*** Opening of Dataset entries ***
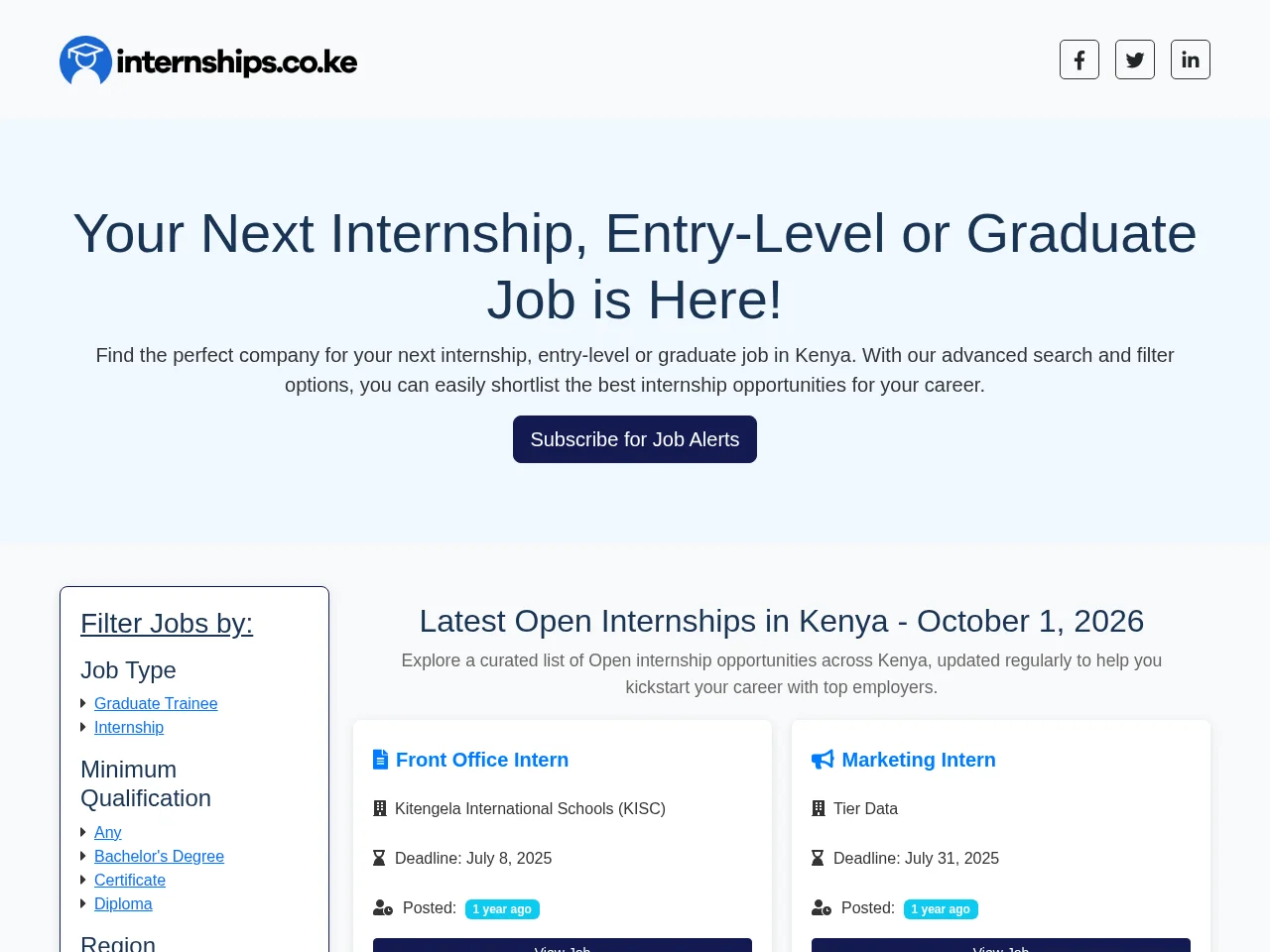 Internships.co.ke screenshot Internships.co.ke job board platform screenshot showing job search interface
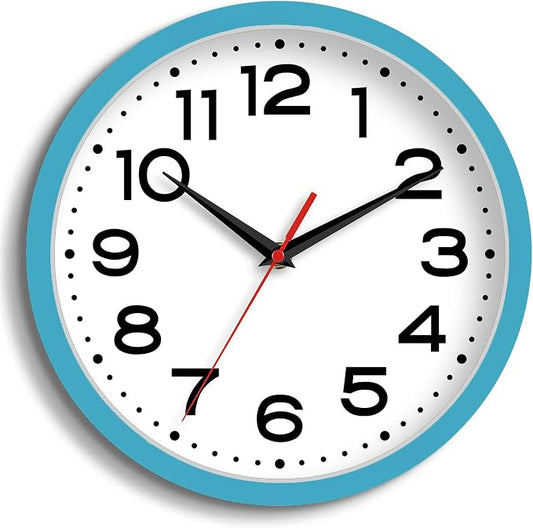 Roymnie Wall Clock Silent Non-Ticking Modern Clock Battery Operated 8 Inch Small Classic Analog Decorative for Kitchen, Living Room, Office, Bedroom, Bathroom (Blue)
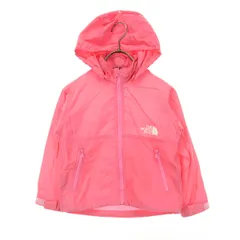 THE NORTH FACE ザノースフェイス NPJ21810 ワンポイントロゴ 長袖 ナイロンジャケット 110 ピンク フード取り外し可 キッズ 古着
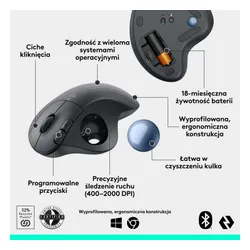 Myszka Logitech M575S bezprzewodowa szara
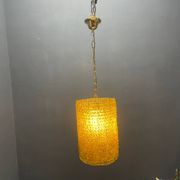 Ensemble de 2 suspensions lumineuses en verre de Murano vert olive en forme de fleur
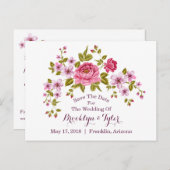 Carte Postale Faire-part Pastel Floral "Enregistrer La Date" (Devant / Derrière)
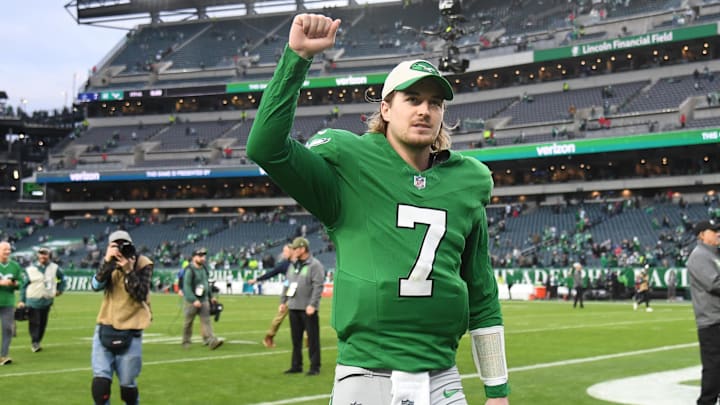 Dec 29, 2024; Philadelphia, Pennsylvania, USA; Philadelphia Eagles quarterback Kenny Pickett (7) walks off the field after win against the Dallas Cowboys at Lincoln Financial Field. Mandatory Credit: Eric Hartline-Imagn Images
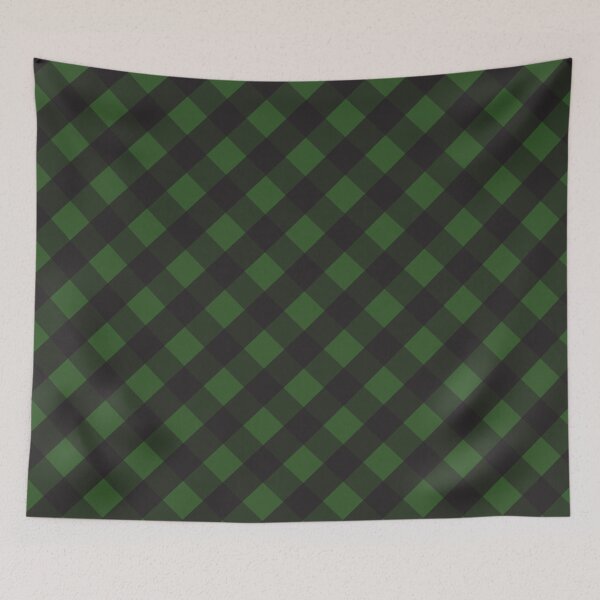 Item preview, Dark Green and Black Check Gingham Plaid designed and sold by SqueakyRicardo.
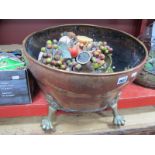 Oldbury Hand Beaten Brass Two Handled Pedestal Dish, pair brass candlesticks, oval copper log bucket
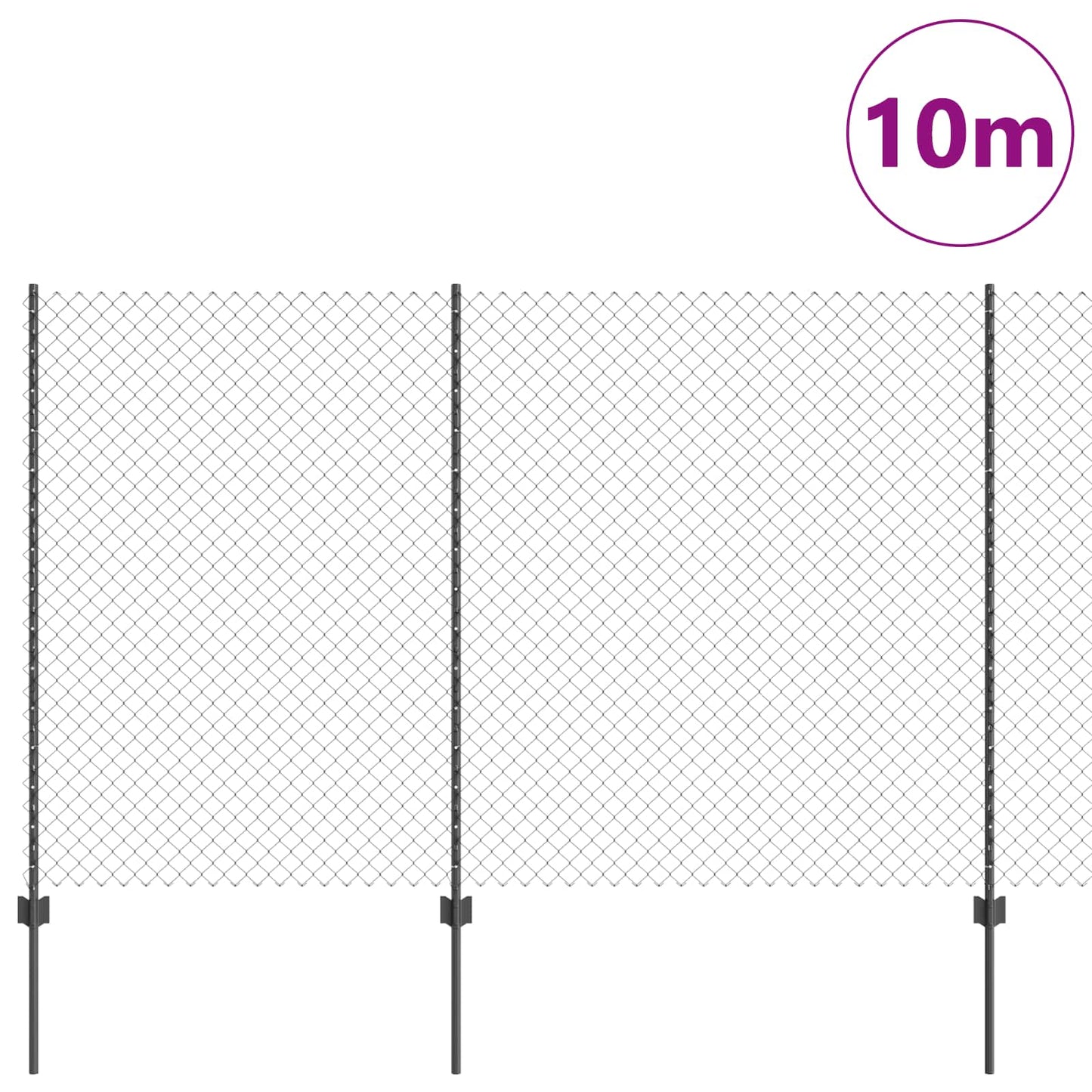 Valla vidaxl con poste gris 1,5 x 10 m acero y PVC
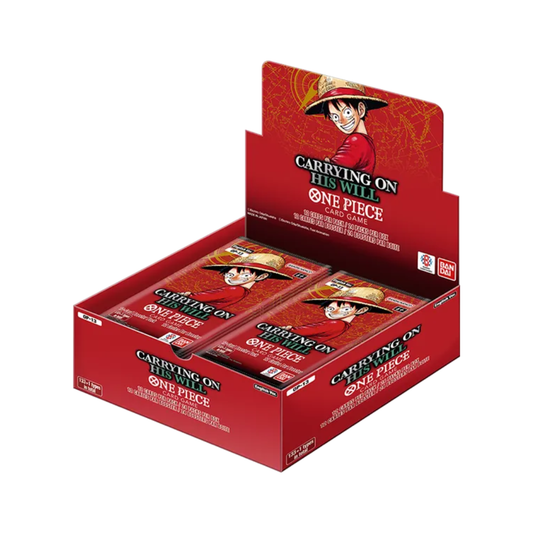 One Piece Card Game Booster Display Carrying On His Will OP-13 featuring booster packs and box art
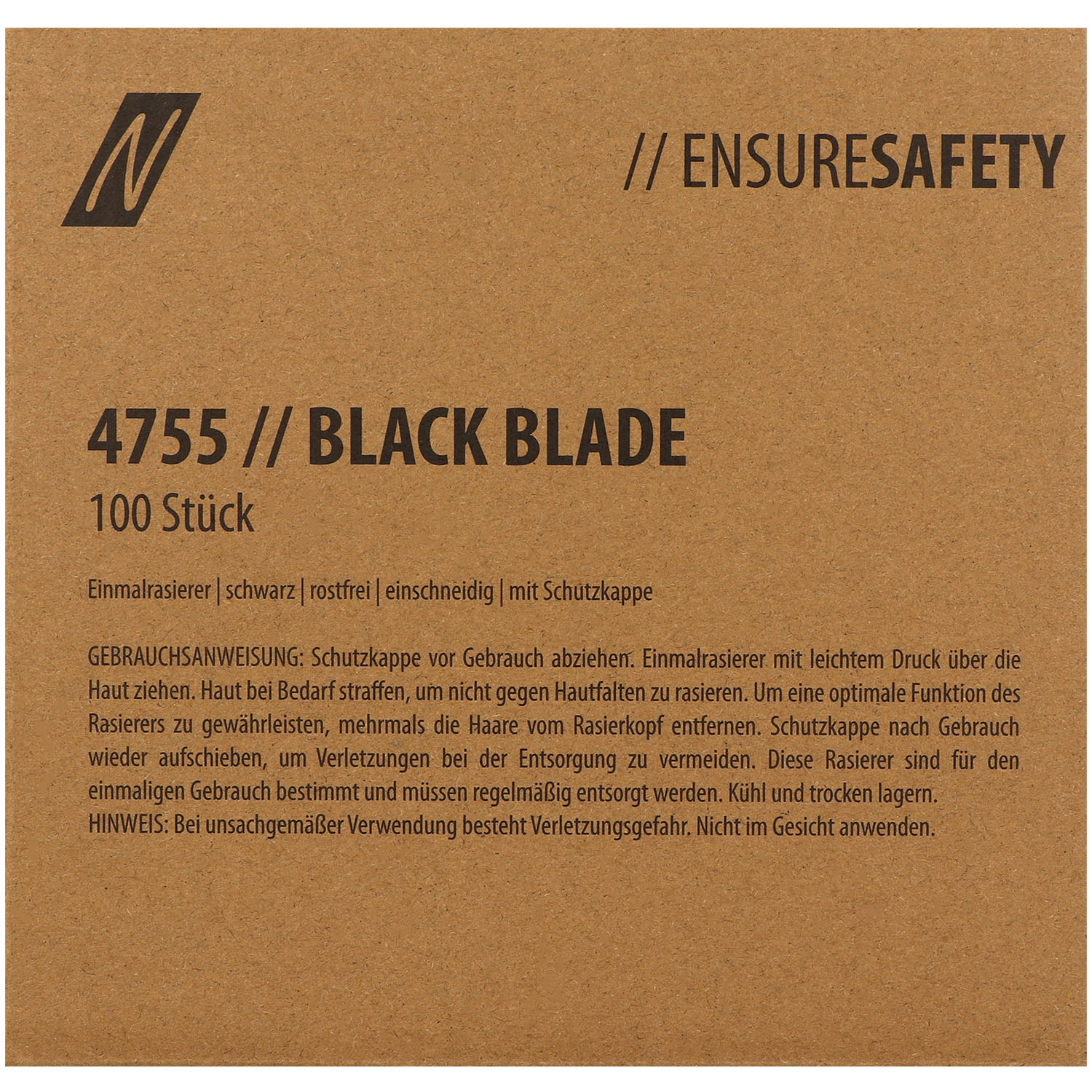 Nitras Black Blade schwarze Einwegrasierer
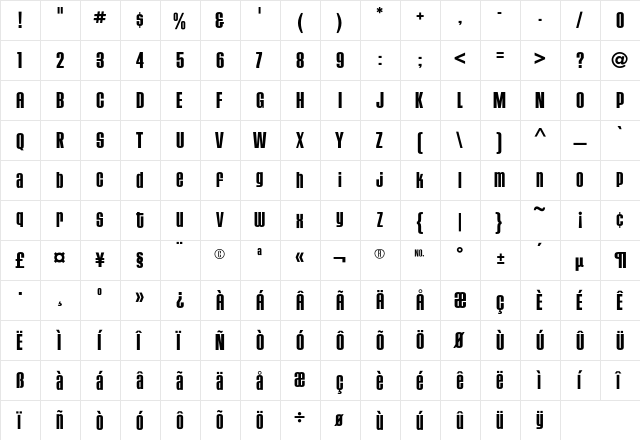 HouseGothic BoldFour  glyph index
*** Close of Dataset entries ***
== Exercise requirements ==
Everything in the data except the pictures needs to be written out exactly.

== Solution to this problem ==
 Internships.co.ke screenshot Internships.co.ke job board platform screenshot showing job search interface
 Roymnie Wall Clock Silent Non-Ticking Modern Clock Battery Operated 8 Inch Small Classic Analog Decorative for Kitchen, Living Room, Office, Bedroom, Bathroom (Blue)
 THE NORTH FACE ザノースフェイス NPJ21810 ワンポイントロゴ 長袖 ナイロンジャケット 110 ピンク フード取り外し可 キッズ 古着
 Myszka Logitech M575S bezprzewodowa szara
 Ensemble de 2 suspensions lumineuses en verre de Murano vert olive en forme de fleur
 Carte Postale Faire-part Pastel Floral "Enregistrer La Date" (Devant / Derrière)
 Dec 29, 2024; Philadelphia, Pennsylvania, USA; Philadelphia Eagles quarterback Kenny Pickett (7) walks off the field after win against the Dallas Cowboys at Lincoln Financial Field. Mandatory Credit: Eric Hartline-Imagn Images
 Item preview, Dark Green and Black Check Gingham Plaid designed and sold by SqueakyRicardo.
 Oldbury Hand Beaten Brass Two Handled Pedestal Dish, pair brass candlesticks, oval copper log bucket
 Valla vidaxl con poste gris 1,5 x 10 m acero y PVC
 One Piece Card Game Booster Display Carrying On His Will OP-13 featuring booster packs and box art
 Nitras Black Blade schwarze Einwegrasierer
 HouseGothic BoldFour  glyph index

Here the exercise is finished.